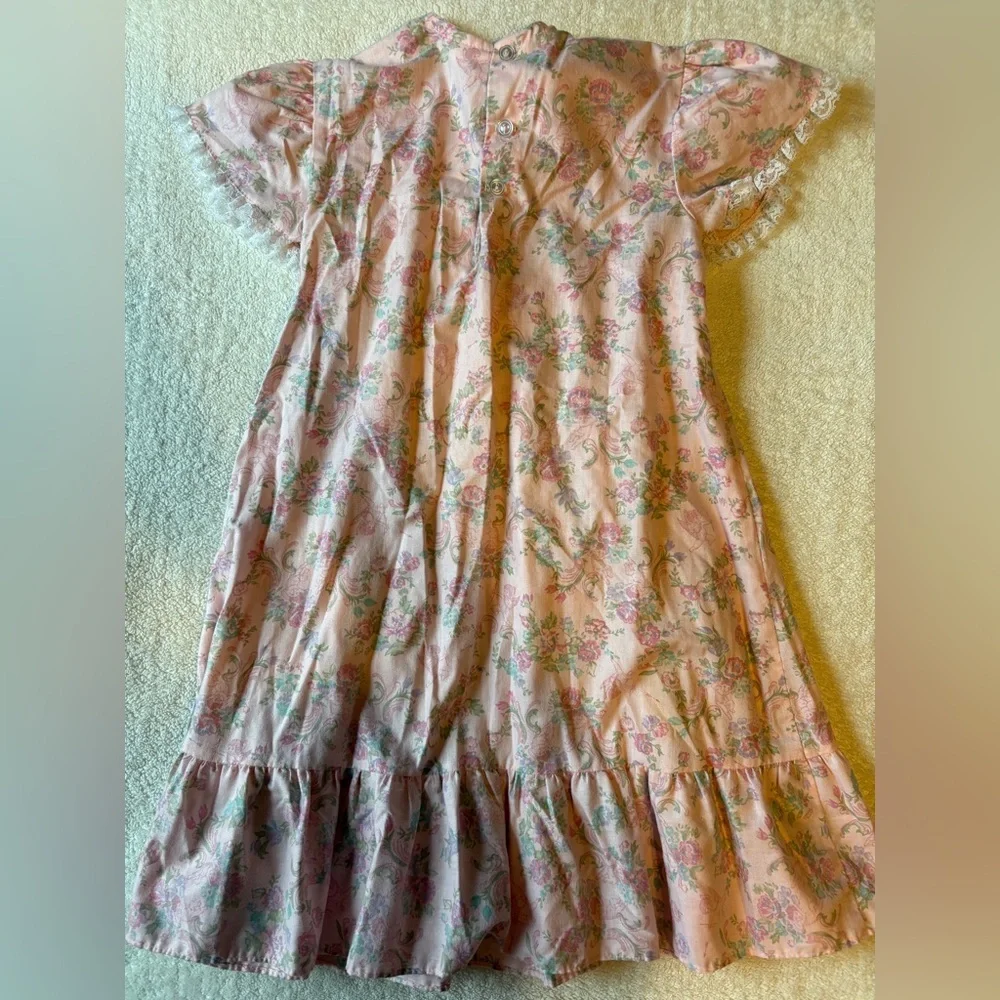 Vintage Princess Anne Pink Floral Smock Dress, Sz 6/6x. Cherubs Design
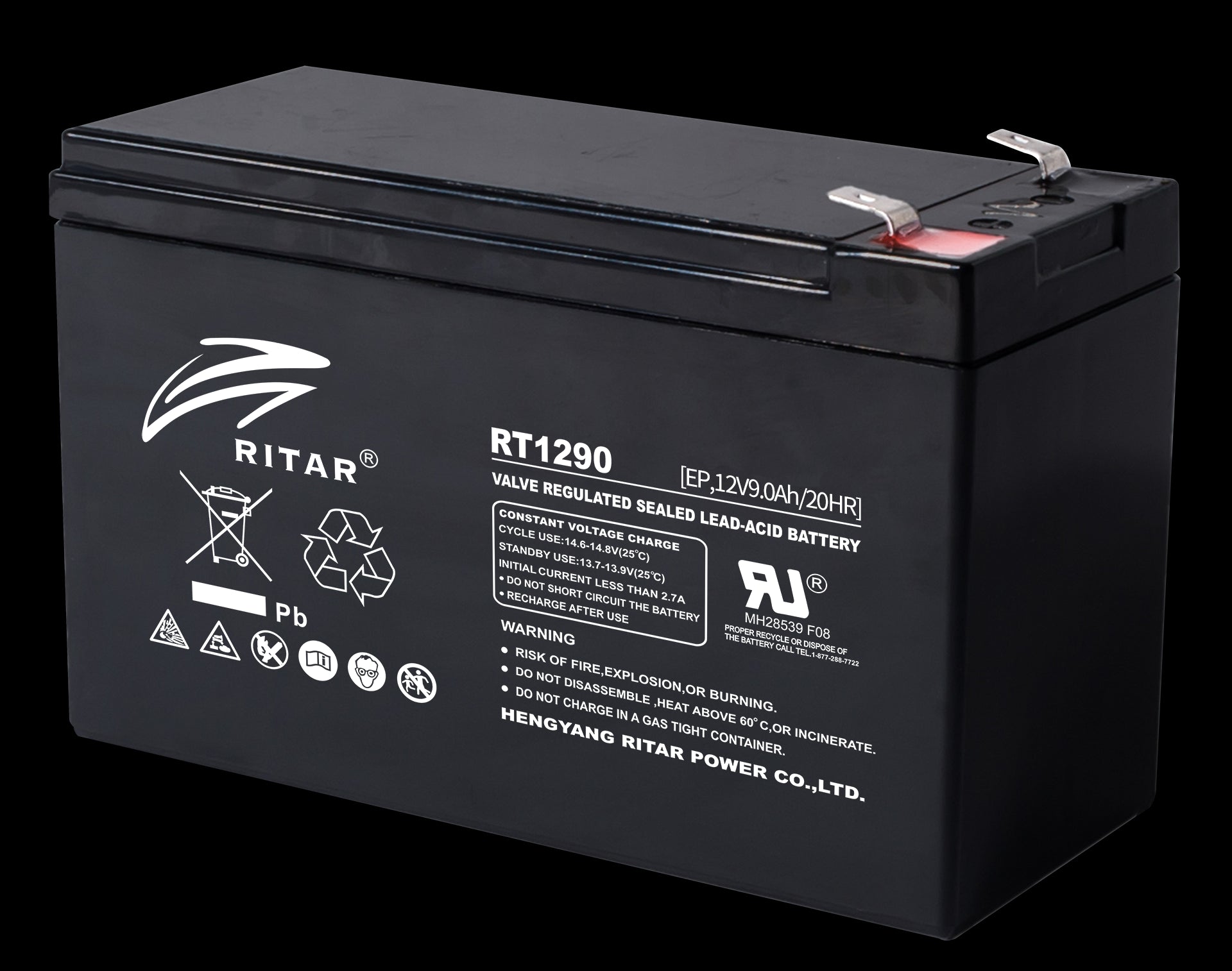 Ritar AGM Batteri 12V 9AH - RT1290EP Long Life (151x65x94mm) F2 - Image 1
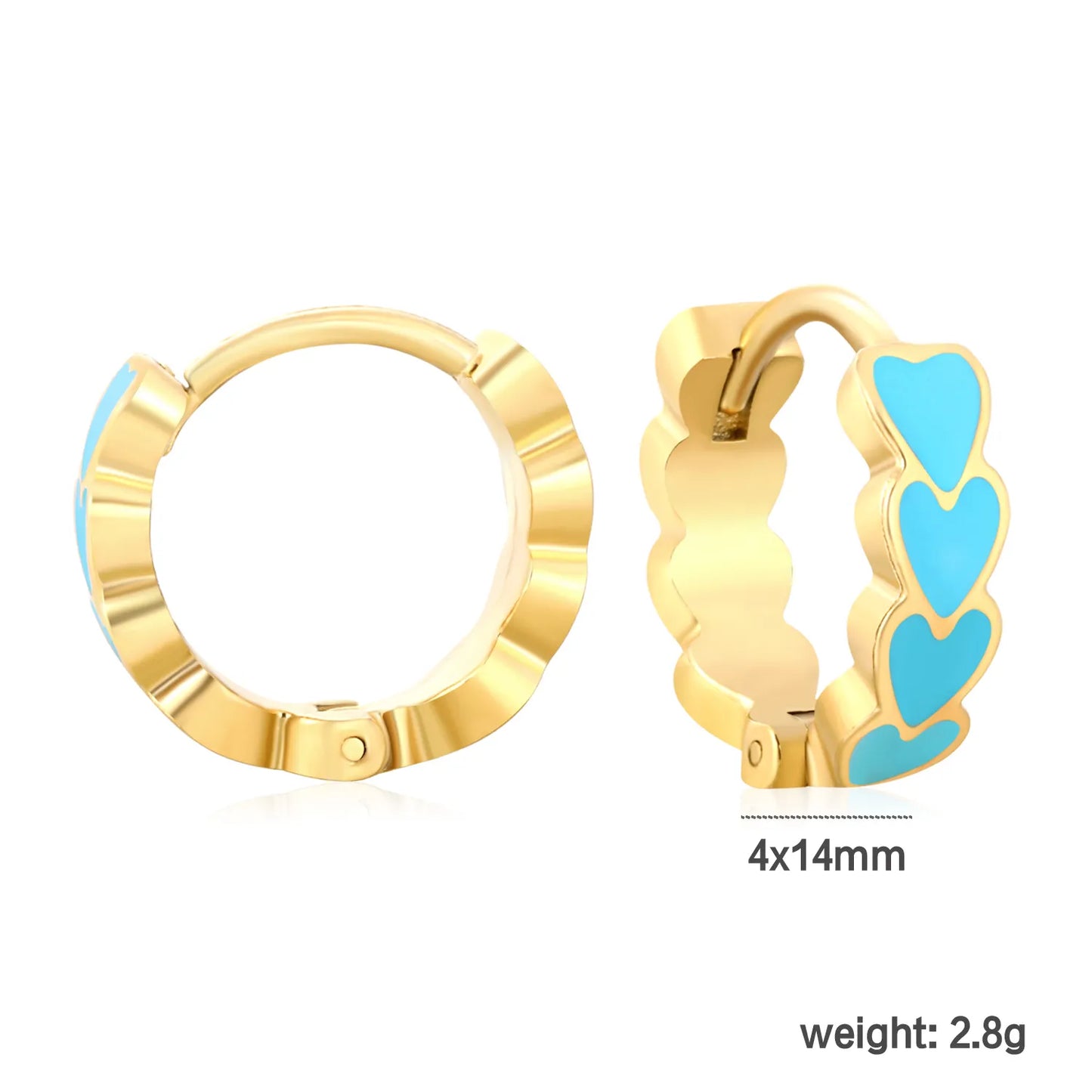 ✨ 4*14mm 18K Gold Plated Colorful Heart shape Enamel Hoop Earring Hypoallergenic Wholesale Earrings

##############################

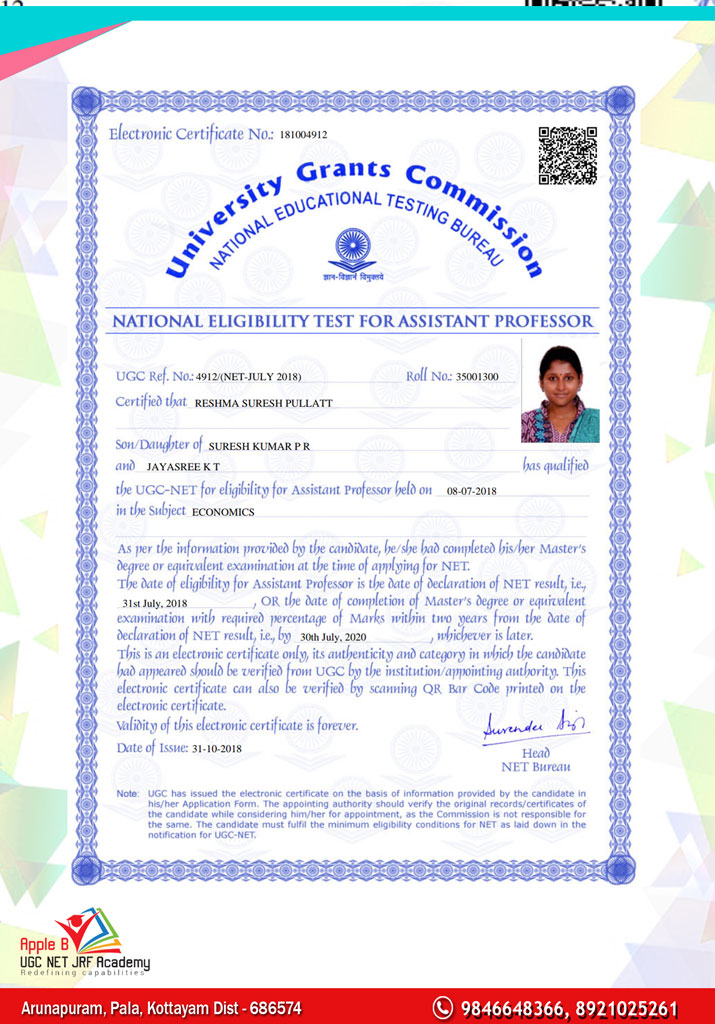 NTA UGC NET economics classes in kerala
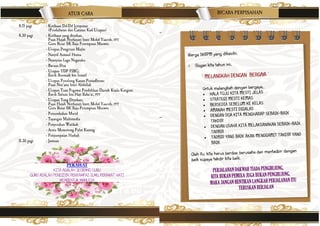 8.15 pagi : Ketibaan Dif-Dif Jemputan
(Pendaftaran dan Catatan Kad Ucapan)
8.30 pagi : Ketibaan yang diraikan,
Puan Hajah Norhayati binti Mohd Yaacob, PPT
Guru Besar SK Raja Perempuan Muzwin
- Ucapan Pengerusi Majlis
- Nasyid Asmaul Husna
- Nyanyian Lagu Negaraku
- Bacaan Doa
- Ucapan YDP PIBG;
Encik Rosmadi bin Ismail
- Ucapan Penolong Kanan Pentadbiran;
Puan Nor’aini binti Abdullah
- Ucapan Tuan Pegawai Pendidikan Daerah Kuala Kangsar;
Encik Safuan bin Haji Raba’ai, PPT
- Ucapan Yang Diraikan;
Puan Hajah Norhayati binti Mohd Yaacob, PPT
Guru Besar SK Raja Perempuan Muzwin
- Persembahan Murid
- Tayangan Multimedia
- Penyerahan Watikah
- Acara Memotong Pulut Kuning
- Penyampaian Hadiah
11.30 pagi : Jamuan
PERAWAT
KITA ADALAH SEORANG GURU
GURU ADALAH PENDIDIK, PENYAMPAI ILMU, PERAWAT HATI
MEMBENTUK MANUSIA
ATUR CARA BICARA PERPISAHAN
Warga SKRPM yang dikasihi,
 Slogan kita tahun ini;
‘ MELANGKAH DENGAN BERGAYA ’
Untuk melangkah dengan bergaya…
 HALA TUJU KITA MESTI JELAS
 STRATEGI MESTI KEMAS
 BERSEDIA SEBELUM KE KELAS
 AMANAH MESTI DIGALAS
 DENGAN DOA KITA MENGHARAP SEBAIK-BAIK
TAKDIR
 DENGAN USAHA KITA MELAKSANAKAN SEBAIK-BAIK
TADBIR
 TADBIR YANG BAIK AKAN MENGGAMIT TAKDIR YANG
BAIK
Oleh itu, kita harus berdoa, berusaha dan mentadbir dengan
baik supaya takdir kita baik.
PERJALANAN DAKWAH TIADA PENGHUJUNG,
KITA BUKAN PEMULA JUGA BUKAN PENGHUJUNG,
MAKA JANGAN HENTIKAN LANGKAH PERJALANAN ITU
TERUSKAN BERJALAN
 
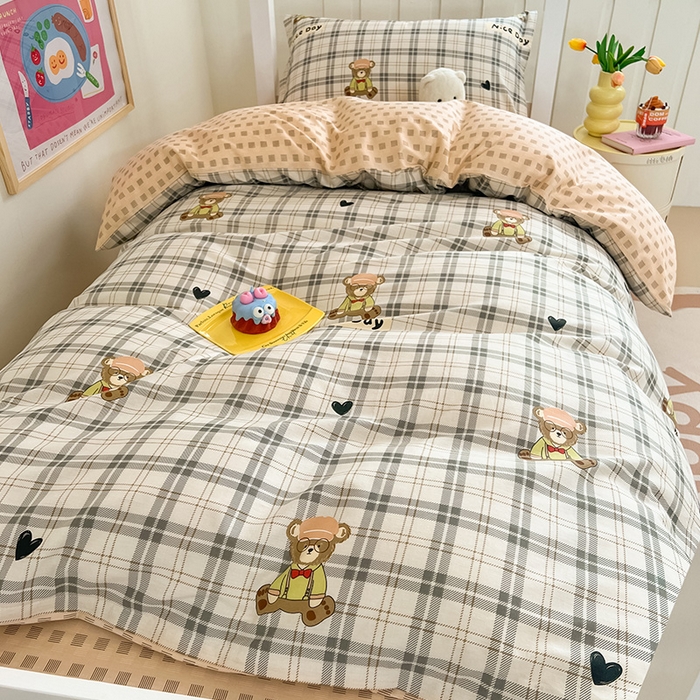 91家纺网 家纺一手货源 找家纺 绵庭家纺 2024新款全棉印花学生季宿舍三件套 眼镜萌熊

##############################

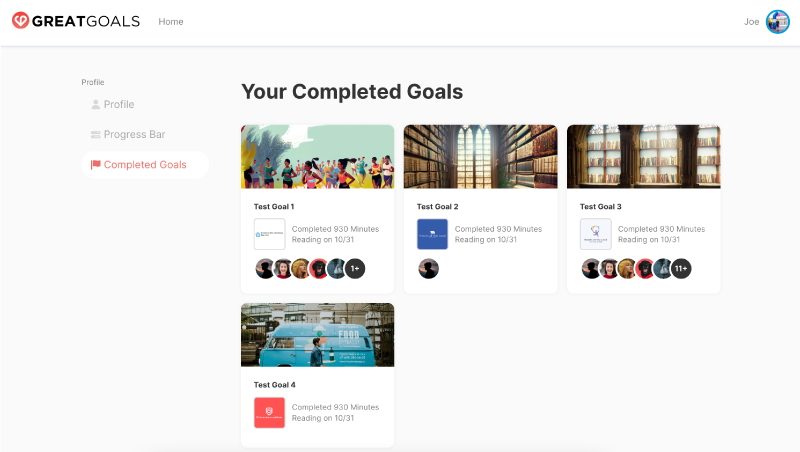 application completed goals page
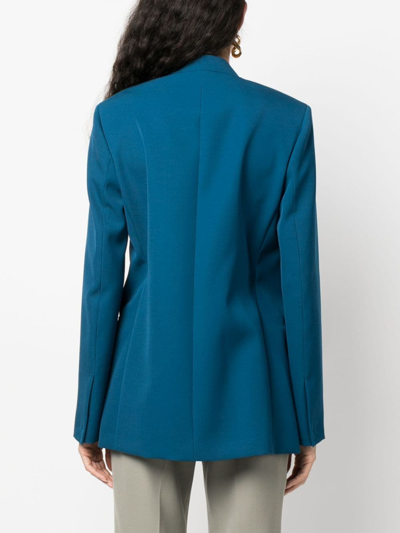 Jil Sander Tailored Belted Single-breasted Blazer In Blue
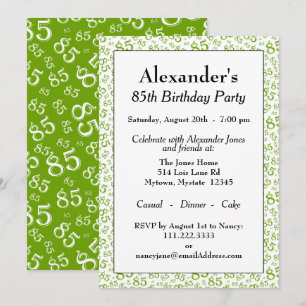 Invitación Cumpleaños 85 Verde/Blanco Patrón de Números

##############################

# [TASK OBJECTIVE]
Take the material above from the line bearing "Vintage Princess Anne" through the line bearing "Hypoallergenic Wholesale Earrings" and write it out exactly, both end lines included. Pictures stay out.

# [TASK SOLUTION]
 Vintage Princess Anne Pink Floral Smock Dress, Sz 6/6x. Cherubs Design
 Ritar AGM Batteri 12V 9AH - RT1290EP Long Life (151x65x94mm) F2 - Image 1
 ✨ 4*14mm 18K Gold Plated Colorful Heart shape Enamel Hoop Earring Hypoallergenic Wholesale Earrings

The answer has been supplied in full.